- PROBLEM TO WORK ON -
Transcribe every line from the one containing "OLED kijelző +" through the end of the records below, exactly, but not the pictures.

___ INFORMATION GIVEN ___

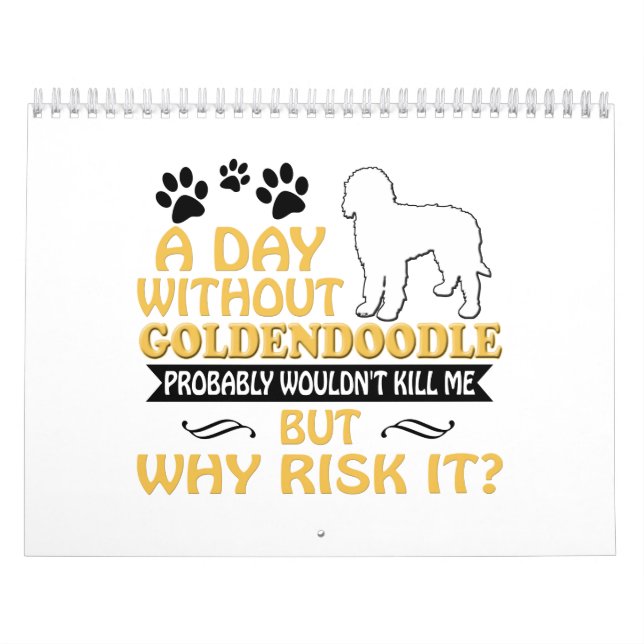 Calendário 2019 de Goldendoodle 2020 mulheres dos (Capa)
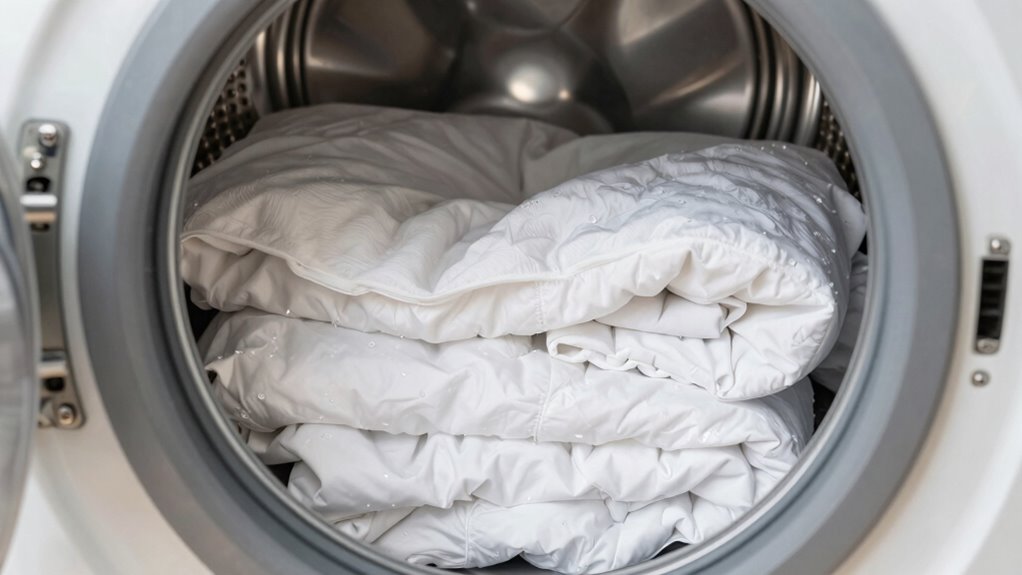 bedding washes more efficiently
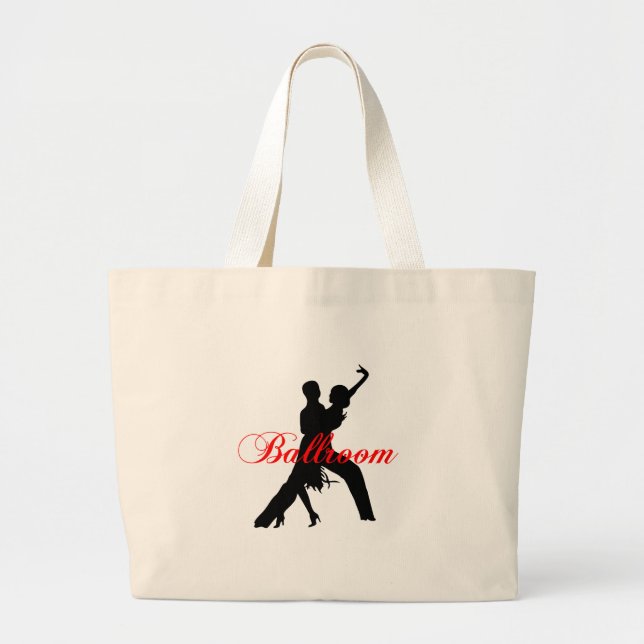 Bolsa Tote Grande Dança de salão de baile (Frente)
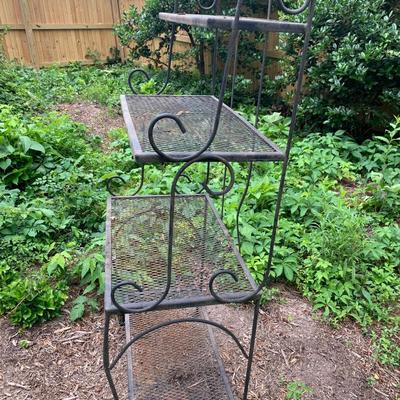 Wrought Iron 3 Tier Garden / Plant Stand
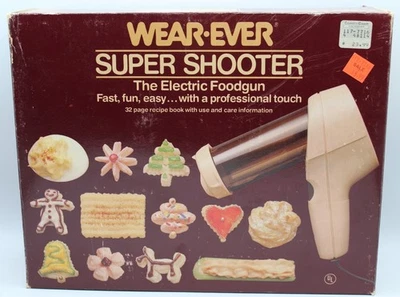 VTG 1980's Wear-Ever Super Shooter Electric Food Gun Cookie Press 70123 Tested - Image 1 of 4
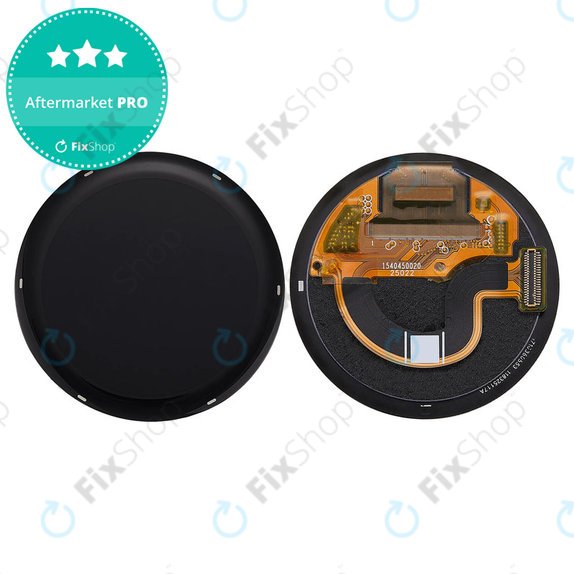 OLED kijelző + érintőüveg keret nélkül (Black) Garmin Active 5 részére
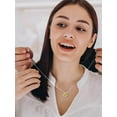 thumbnail image 4 of Bestyle November Birthstone Necklace for Women Citrine Pendant Necklace Solid 925 Sterling Silver Gifts for Birthday Wedding Graduation, 4 of 9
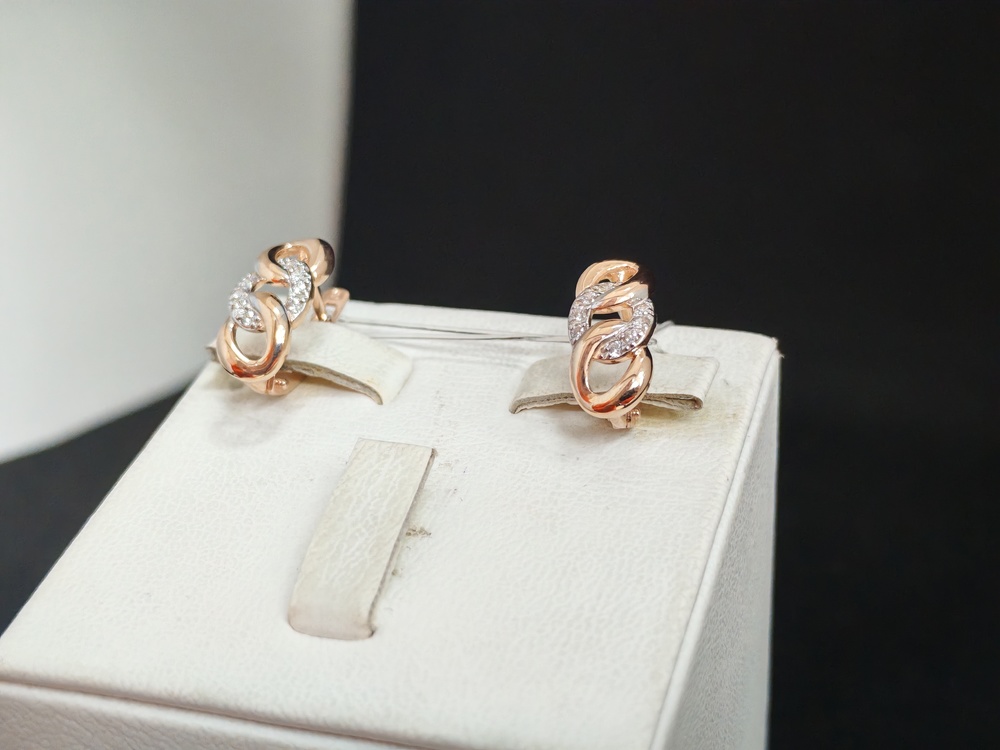 СЕРЬГИ С КАМНЯМИ (Au 585)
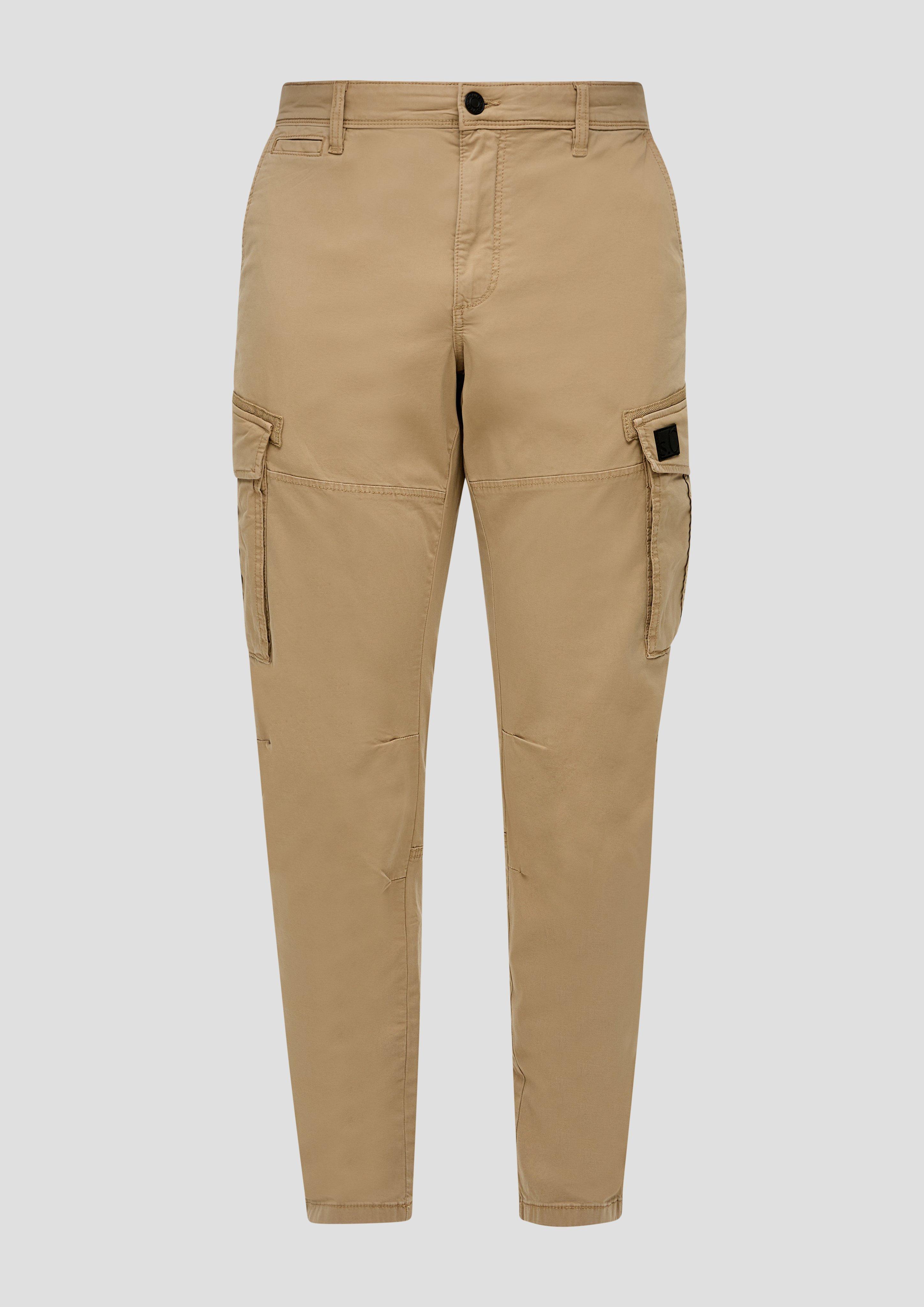 s.Oliver - Regular: Cargohose aus Baumwollstretch, Herren, braun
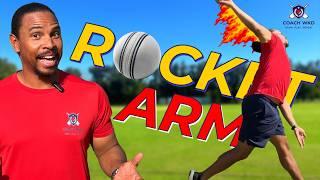 HOW to IMPROVE Your ARM SPEED | Fast Bowling Drills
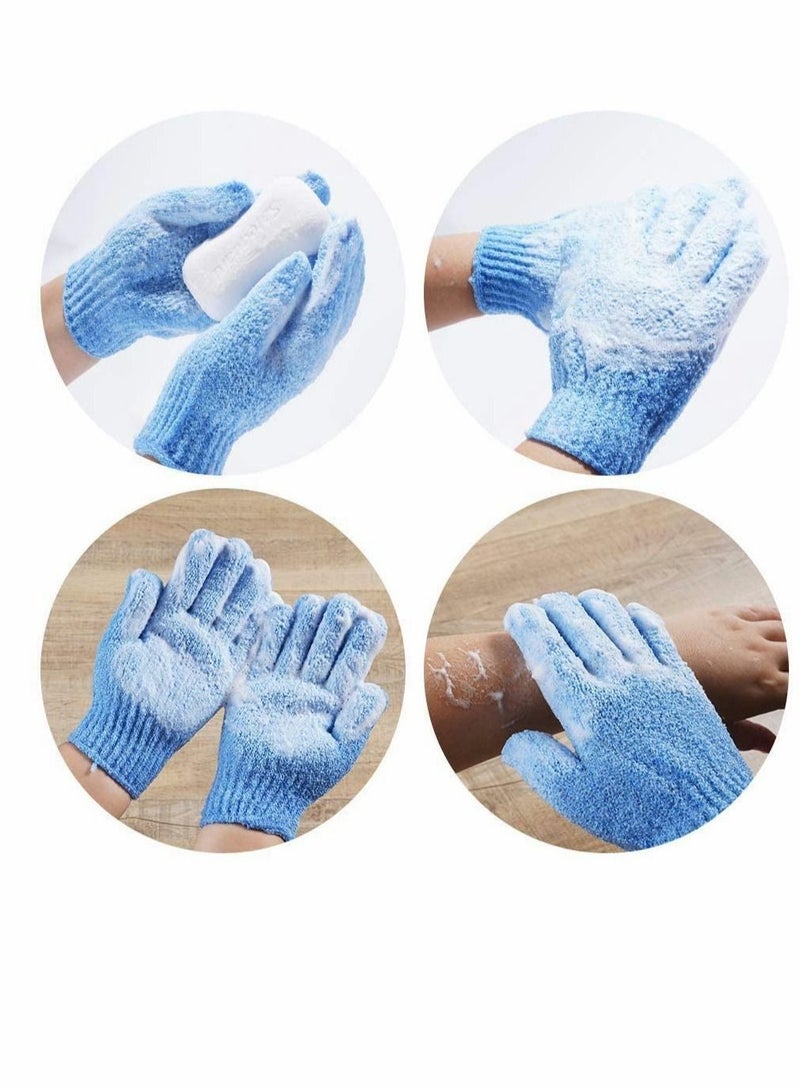 SYOSI 5 Pairs Exfoliating Gloves Premium Scrub Wash Mitt for Shower Spa Massage and Body Scrubs Spa Exfoliation Accessories For Men and Women  - Image 5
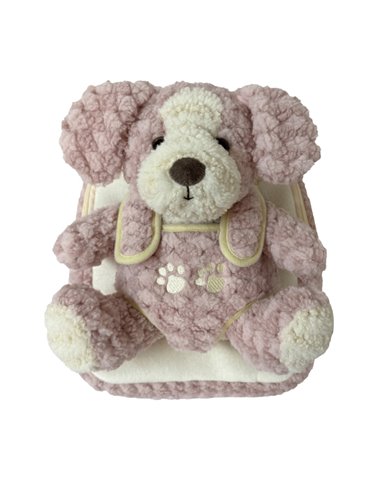 Ghiozdan gradinita S-COOL SC3450 Baby animals , 28 x 23 x 8 cm, Pink Puppy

___

- RESPONSE TO THIS EXERCISE -
 OLED kijelző + érintőüveg keret nélkül (Black) Garmin Active 5 részére
 thumbnail image 4 of Bestyle November Birthstone Necklace for Women Citrine Pendant Necklace Solid 925 Sterling Silver Gifts for Birthday Wedding Graduation, 4 of 9
 СЕРЬГИ С КАМНЯМИ (Au 585)
 s.Oliver - Regular: Cargohose aus Baumwollstretch, Herren, braun
 HOW to IMPROVE Your ARM SPEED | Fast Bowling Drills
 SYOSI 5 Pairs Exfoliating Gloves Premium Scrub Wash Mitt for Shower Spa Massage and Body Scrubs Spa Exfoliation Accessories For Men and Women  - Image 5
 Ghiozdan gradinita S-COOL SC3450 Baby animals , 28 x 23 x 8 cm, Pink Puppy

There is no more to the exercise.